Theorem 8: A graph is bipartite if and only if it contains no odd cycle

Tactics

  • Proof by construction: Theorem 1 Proof 1 is an example. It can be employed when the given question is intuitvely obvious enough.
  • Longest Chain Method: Theorem 2 Proof 2 is an example. It relies on the principles of Neighbourhood Dragging (more accurately, the reverse principle of neighbourhood dragging) as discussed in Part 1 of the notes. We pick an element and argue if the neighbours belong in the chain or not to reach some sort of contradiction.

Questions

1. Prove Theorem 2 above.

2. [USAMO 1986] In a lecture, there are five mathematicians. Each of them took a nap twice and every two of them took naps at the same time. Prove that there must be three persons who took naps at the same time.

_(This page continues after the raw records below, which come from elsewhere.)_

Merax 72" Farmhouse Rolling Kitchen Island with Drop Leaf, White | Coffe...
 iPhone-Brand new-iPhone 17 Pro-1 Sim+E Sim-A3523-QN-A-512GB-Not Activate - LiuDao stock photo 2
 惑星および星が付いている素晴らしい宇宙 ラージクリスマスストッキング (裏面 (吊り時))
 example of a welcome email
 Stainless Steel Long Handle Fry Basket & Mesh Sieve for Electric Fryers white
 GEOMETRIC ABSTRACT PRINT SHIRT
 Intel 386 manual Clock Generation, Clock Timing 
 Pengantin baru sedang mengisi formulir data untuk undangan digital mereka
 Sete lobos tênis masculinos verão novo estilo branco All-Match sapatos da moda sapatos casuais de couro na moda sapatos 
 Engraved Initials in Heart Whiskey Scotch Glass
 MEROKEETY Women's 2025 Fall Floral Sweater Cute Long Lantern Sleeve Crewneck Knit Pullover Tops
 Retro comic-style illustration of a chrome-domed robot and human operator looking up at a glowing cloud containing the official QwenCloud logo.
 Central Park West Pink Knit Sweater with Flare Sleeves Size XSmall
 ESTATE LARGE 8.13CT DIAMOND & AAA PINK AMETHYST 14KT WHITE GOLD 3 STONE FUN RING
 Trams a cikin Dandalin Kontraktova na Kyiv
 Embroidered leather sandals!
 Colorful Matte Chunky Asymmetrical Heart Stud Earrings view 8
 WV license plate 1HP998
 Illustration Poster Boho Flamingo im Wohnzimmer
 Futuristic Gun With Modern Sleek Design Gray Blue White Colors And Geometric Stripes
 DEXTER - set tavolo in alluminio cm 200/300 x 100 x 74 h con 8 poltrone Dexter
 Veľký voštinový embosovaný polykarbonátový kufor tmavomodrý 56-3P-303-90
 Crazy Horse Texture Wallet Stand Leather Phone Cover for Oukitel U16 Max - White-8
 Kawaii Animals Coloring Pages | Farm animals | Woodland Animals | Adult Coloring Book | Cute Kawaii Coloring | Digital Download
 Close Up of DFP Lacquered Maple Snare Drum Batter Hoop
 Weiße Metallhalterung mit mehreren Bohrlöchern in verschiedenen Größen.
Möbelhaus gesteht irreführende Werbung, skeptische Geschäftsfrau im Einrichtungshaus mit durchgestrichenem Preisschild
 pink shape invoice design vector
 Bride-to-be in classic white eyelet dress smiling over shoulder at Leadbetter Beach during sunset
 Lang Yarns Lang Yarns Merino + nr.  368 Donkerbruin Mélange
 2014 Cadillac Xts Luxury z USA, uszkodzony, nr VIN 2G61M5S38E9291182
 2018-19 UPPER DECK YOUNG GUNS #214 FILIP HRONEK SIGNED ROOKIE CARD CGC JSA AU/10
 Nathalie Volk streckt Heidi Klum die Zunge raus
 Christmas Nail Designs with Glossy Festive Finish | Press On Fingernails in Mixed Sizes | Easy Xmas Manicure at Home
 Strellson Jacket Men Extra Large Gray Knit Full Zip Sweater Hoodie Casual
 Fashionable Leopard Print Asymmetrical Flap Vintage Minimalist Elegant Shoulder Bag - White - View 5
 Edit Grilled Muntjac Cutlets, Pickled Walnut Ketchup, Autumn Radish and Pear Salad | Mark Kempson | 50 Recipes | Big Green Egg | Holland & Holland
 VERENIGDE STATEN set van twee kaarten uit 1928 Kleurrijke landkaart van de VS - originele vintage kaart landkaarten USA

3. Given a number table with $n$ rows and $n$ columns, every two rows are different. Prove that there must exist a column, after deleting it, every two rows are still different.

4. [CMC 1987] $n(n>3)$ table tennis players play several single games. The opponents of any two players are different. Prove that we can remove one player so that the opponents of any two players in the remaining players are still different.

5. If a graph $G$ has $n$ vertices and $n-1$ edges, then $G$ is a tree. Prove or disprove.